Perhaps we can learn to read the Earth as well as senior species do, reminded as Bernadette Cozart, who is restoring gardens in Harlem, has reminded us volunteer advisors at Interface, the U.S. corporation most concerned about ecological conscience, "We must be the youngest species of all, because everything else seems to know what to do." If we did once know, we have forgot. It isn't required that we forget. Margaret Mead described our place as "The Island Earth." It was easy to steal her idea and start Earth Island as a name in England in 1972 and an energetic combination of ideas in Earth Island U.S., or wherever. One island, not leavable, whatever hemisphere.Moreover, a place to celebrate, as our son Ken suggested when, at twenty-one, he had just returned from rewarding months in the Galapagos . . .

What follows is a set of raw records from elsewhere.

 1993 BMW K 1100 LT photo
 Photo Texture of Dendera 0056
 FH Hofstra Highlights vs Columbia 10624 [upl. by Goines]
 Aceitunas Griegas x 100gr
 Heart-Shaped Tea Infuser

Look out there at all the company you have -- and had. Every living thing, you included, has an impressive history. You all began, no exceptions, three and a half billion years ago, give or take a decade or two. Other creatures fell by the wayside, millions of them. Not you. You are this end of success, no failure at all, for that whole multi-billion year exercise. You are here because whatever the stress, for however long it lasted, you and all your beginnings handled it. Glow with pride. Take joy in it. Remember its source.
Do you remember? Almost. But be reminded that very few months before you were you, there was a patient egg waiting for one lucky sperm that agreed it would be nice if you showed up. There you were. You hadn't gained much weight yet, but you didn't need to. Every bit of inspiration about who you could be and what you would do with it was already contained in those two, all but indiscernible traces of protoplasm, better informed than they could tell you, waiting to pick up a little nourishment, warmth, and care, and ready to become all the organs and sort out all the ideas you would ever need.

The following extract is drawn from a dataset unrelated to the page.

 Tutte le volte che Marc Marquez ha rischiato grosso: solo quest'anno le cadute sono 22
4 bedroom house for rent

Who arranged all these logistics? To perfect the system, for how many hours or eons? How many trials worked? How many failed? Were there instructions about how to make decisions? Renaissance whizzes? Prophets? Indigenous predecessors, bright creatures not quite ready to look like us, creatures with brains, without them? Lichens looking for parents. Just surf riders on the primordial sea? Who was in charge, and so skillfully?
Your guess is as good as mine, which is that life had nothing working for it but wilderness, which knew what it was about, and kept on knowing it right on to the time that patient egg and lucky sperm had their rendezvous. For a refresher course, sit back a moment and read the Earth. Forgive yourself if you are impressed by what the wildness within you lets you see, lets you hear, helps you feel, and lets you know a little of the joy that was waiting for you to give it a chance. . .
Isaiah fretted, "Thou hast multiplied the nation and not increased the joy." That was two thousand seven hundred years ago. He sounded a little down on his luck. Was he warning us about the dangers of multiplying too well? Let's think so, and give joy a shot.